April 22, 2006
At 20, Barra MacNeils still as fresh as ever Family band fabulous in Pops Concert
By Stephen Pederson, Halifax Herald

It's been 20 years since the Barra MacNeils first performed as a family band. The miles ought to show, you'd think. But they don't.  That much was obvious Friday night in the Cohn at the Symphony Nova Scotia Maritime Pops concert.

The band still sounds as fresh as the day they started. The years have only served to fine-tune their performance style. Their show ticks and purrs along as smoothly as a Rolls-Royce engine. 

They have expanded now, but it's all in the family. To the original four of Seamus (keyboards), Kyle (fiddle/guitar/mandolins), Lucy (vocals/harp/bodhran), Stewart (accordion/low and high whistles/Irish flute/vocals) ­ have been added Ryan (Irish pipes/high whistle) and Boyd (bouzouki/vocals).

They make an impressive sound and the variety of instrumental/vocal colour at their command gives  them a formidable technical advantage, which is added to the even bigger advantage of their genetic empathy. Their DNA resonates.

With the fabulous Jamie Gatti on bass, who can pluck out a reel with a sound like warm steel at any tempo you please on the big double-bass, the band's musical cup, already full, runneth over.

As a band, the Barra MacNeils like to work traditional melodies through new and interesting combinations of sonorities, and since they can sing in Gaelic their sonic palette is both rare and worth running through fire for. There is possibly no more haunting repertoire in the entire folk song world.

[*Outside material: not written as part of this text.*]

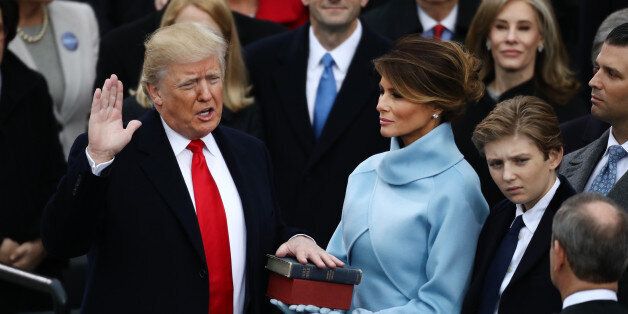 U.S. President-elect Donald Trump takes the oath of office as First Lady-elect Melania Trump stands during the 58th presidential inauguration in Washington, D.C., U.S., on Friday, Jan. 20, 2017. Donald Trump will become the 45th president of the United States today, in a celebration of American unity for a country that is anything but unified. Photographer: Andrew Harrer/Bloomberg via Getty Images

The atmosphere of the songs is all Nova Scotia spring ­ fresh, bitingly cool, misty, warm in the sun, softly grey ­ full of the vitality that wafts over us from the great ocean on our doorstep.

Musically this translates into drones and karmic drumbeats below, elegantly ornamented tunes on high, and sweetly soaring voices between.

The Barras also, from time to time, like The Chieftans, work an audience into a froth with heterophony ­ all those instrumental timbres lending a tartness to the sound as they wail out blazingly fast reels and bouncing jigs in perfect, breathless unison.

Arrangers pick up on that, increasing the weight by adding symphony fiddles ­ not to mention colouring the arrangements with harmonized lower strings, brass and woodwinds.

Friday night's program included favourites like My Heart's In The Highlands, which you cannot ever hear in your head with any voice but Lucy MacNeil's when you have heard her sing it once; the exquisitely haunting One Wild Rose; and the Gaelic showstopper Gearan Na Maighdinn (The Maiden's Complaint) which includes another MacNeil specialty ­ step dancing a quatre.

Especially moving were David Francey's A Thousand Miles and a transcendently sentimental love song written by Stewart for his wife, Dance With Me Daily.

The second half of the concert began with one of Scott Macmillan's finest arrangements, the MacPherson's Medley, comprised of canonic variations on MacPherson's Blade (Skinner), followed by a simple accumulative arrangement of MacPherson's Lament, the most beautiful tune ever written because it is impossible to play it inexpressively. The SNS violins made it weep.